About four or five years ago, she asked me a question that shook me deeply: “What are the churches and pastors in the South doing about the grave plight of Christians in the North?”
She told me that her husband had buried four or five women in that same week—women who had been ambushed on their farms, raped, and murdered by Fulani herdsmen. Members of their congregation had gone to their farms in the morning and never returned home.
Then she said something that haunted me for years: “Our people wake up in the morning to go to work or to church, but we do not know if we will return, or if our bodies will even be found.”
For a long time, I felt that perhaps Nigeria should simply divide, and everyone should go their separate ways. But when I realised the danger that non-Muslims in the North would face if that happened, I abandoned the idea completely.
I often reflect on my pastor friends and acquaintances who opposed me in the years leading up to 2015. They accused me of supporting corruption because I was against the APC. Some even told me that God had shown them in a vision that Buhari would win the election. I asked them a simple question: Did you pray to ask whether that was God’s will for Nigeria, or was He revealing to us what the evil world had already concluded—something we were meant to pray against?

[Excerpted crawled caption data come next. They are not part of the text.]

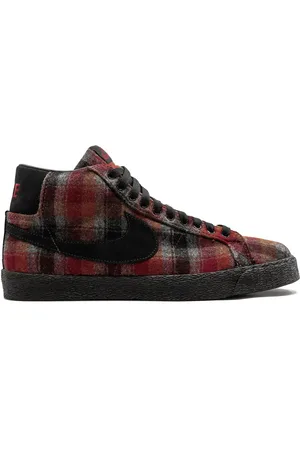 Nike Blazer SB Sneakers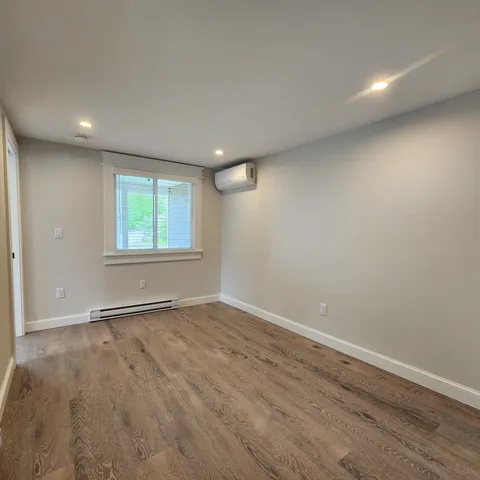 $2,350 | 1330 Lake Street, Unit 4, Bristol, NH 03222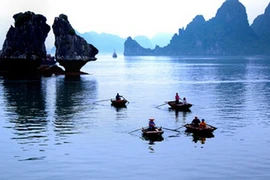 Vịnh Hạ Long chính thức là kỳ quan thế giới mới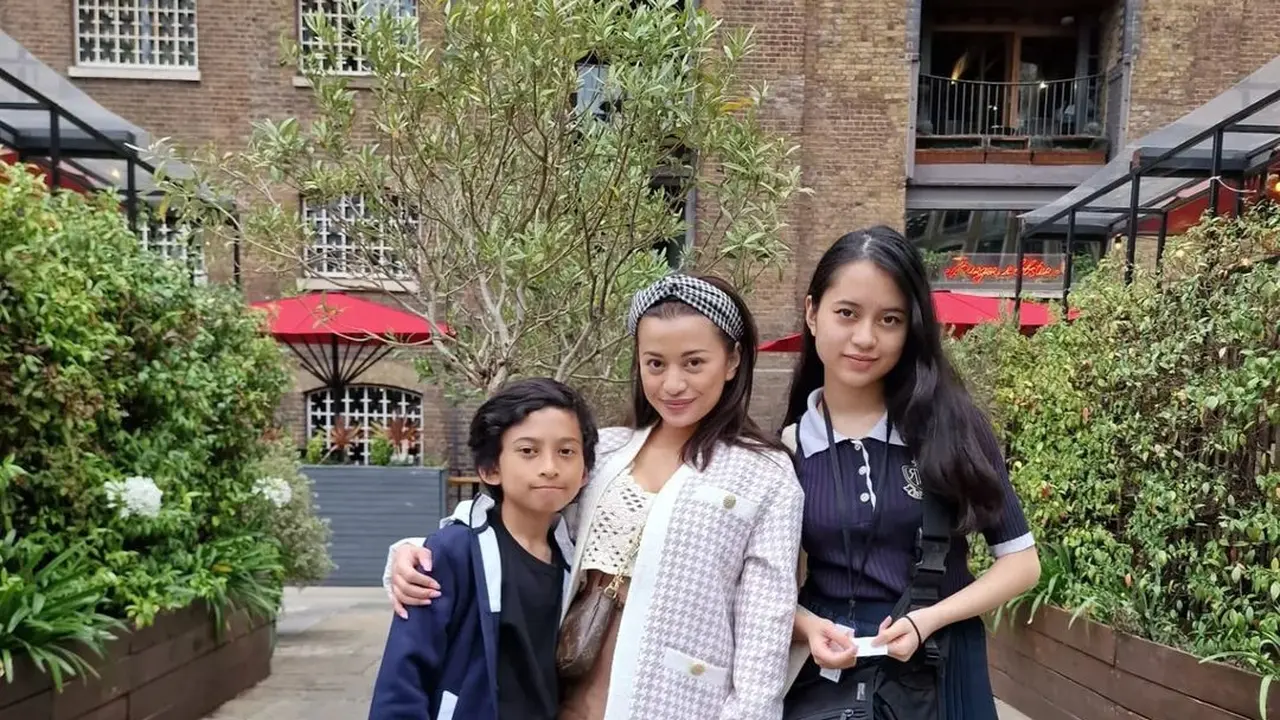 7 Potret Terbaru Serra Abbie Putri Angie Virgin yang Kini Makin Dewasa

What followed was blood flowing across the nation and a systematic destruction of religious sites bearing the Cross. I still remember a few pastor friends who publicly posted on their social media pages that Buhari would never Islamise the country. But Islamisation is rarely direct—it is gradual, strategic, and often cloaked.
Between 2015 and now, over 200 Christian villages and towns have been completely destroyed across Plateau, Benue, and Bauchi States alone. These once-thriving communities have become dead zones, their indigenous inhabitants denied return by men in military uniforms.

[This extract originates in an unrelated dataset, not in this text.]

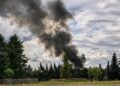 Rauchsäule des Brandes in Hohenbocka von einem Feld aus gesehen
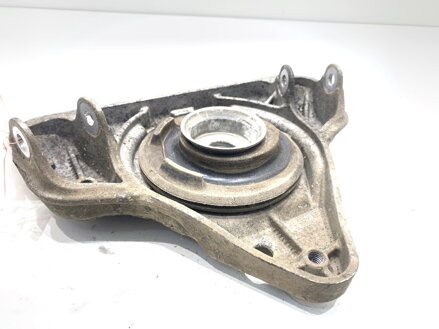 Uchytenie držiak tlmiča predné ľavé Audi A4 B7 Avant (8ED) 2004 - 2008 8E0412383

In Borno South, where Chibok is located, the once vibrant Christian communities have been decimated. When we attempted three years ago to sponsor a team to investigate and provide updates, we discovered that journalists were not even permitted entry into Chibok. Why? What exactly are they still covering up?
Take Gwoza, for instance. It once had 178 churches before Buhari’s administration; today, barely 30 remain standing.
And what about the wickedness of El-Rufai in Southern Kaduna—the ruthless land-grabbing and oppression of the indigenous people of that region?
I wish I were not in the bath when the urge to write this came upon me. If I were in my office downstairs, I would have compiled a detailed list of the devastations that Christian communities in the North have endured under the APC governments—atrocities deliberately covered up.
During Jonathan’s administration, there were sporadic church bombings; but under the APC, it became a full-scale invasion. Many indigenous Christian communities may never recover, not for decades to come.
Whenever you hear reports that mosques were also attacked or that Muslims were killed, investigate the background. In almost every case, it is because an imam had preached openly against the Fulani herdsmen or threatened to expose their sponsors. The retaliation comes swiftly.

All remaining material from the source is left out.